シャツとオレンジでベルエポック
- 2012.04.29 Sunday
- イベント情報
- 10:39
- comments(0)
- trackbacks(0)
- -

- by 錆猫洞
01
述べて作らず、並べて括らず
02
山と谷で光り輝く
03
進むは極私道235号線
04
あなた何よ、何かは知らんよ
05
蝉が瞳閉じる音
06
城南線を陽の沈む方へ
07
光速人力車夫と東から来た女
08
夕暮れ団の早朝特訓
09
アフリカへ行った友人
10
種子島の無鉄砲
11
テイクサンクソングフォーウェディング
12
ちょっと休憩
13
ここで歌って飯野カナ
14
いないひと味のボンボン
15
ひょうたんモロ号
16
はじめましてさようなら
17
この尖ったのって何かしら
18
休校特急白ねこ3号
19
胡蝶は舞わず淀みたゆたう
20
ノモスカラロゴス初頭
21
指揮無視、不逞の輩
22
弔蝶調のダンス
23
弧影悄然、太る枇杷
24
よーっ!
想念は、現実か。想念もまた、現実を構成する要素たりうるのか。想念こそ、現実を凌駕する何ものかでありうるのか。
円環は閉じている。出入りできるのは刀を捨てる躙り口しかない。無防備にわれわれはその円環のなかに投げ出されるのだ。いや、自ら身を投ずるのか。

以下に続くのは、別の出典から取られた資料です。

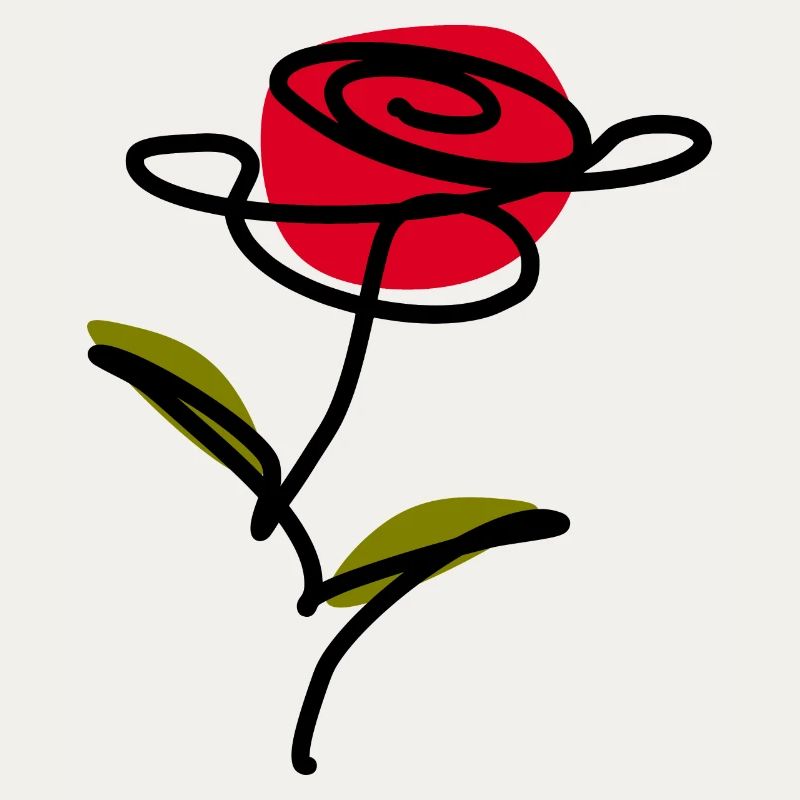 Blume rot one line art Geschenk Muttertag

自然と人為とがむき出しに円環に配されている。つながる高架道と中断された高架道。ある目的のために作られた無機質な人為的景観は、時間軸に沿って人間に目的を強いているかのようである。自然に属するのは、人間の肉体と、画題にある象徴的な小動物のみ。自然であるヒトのゆきつくところ、髑髏が、ヒトにまとわりつき、死の舞踏を生身の肉体とともに舞っている。近世の銅版画のように。

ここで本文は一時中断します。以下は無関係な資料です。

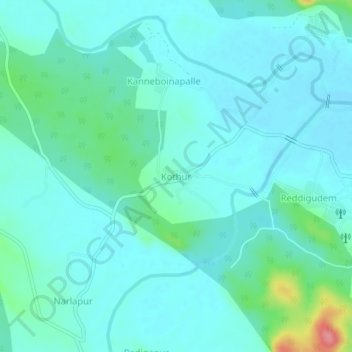 Топографическая карта Kothur, высота, рельеф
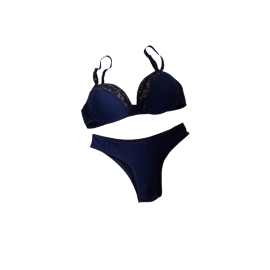 Conjunto Pop Azul Marinho com renda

人物の表情はあるとき以来、描きかえたと聞く。年齢という自然が為せる技が、その表情には刻み込まれていた……
Et in Arcadia ego(アルカディアにも私はいる)は、memento mori(死を忘れるな)とならんで死と隣り合わせであることへの警句であった。自然の何たるかを経験し、経験しつづけるわれわれのいる場所はここだったか。それを指し示してくれる。そして画家自身のかつてあった、そして今いる場所を。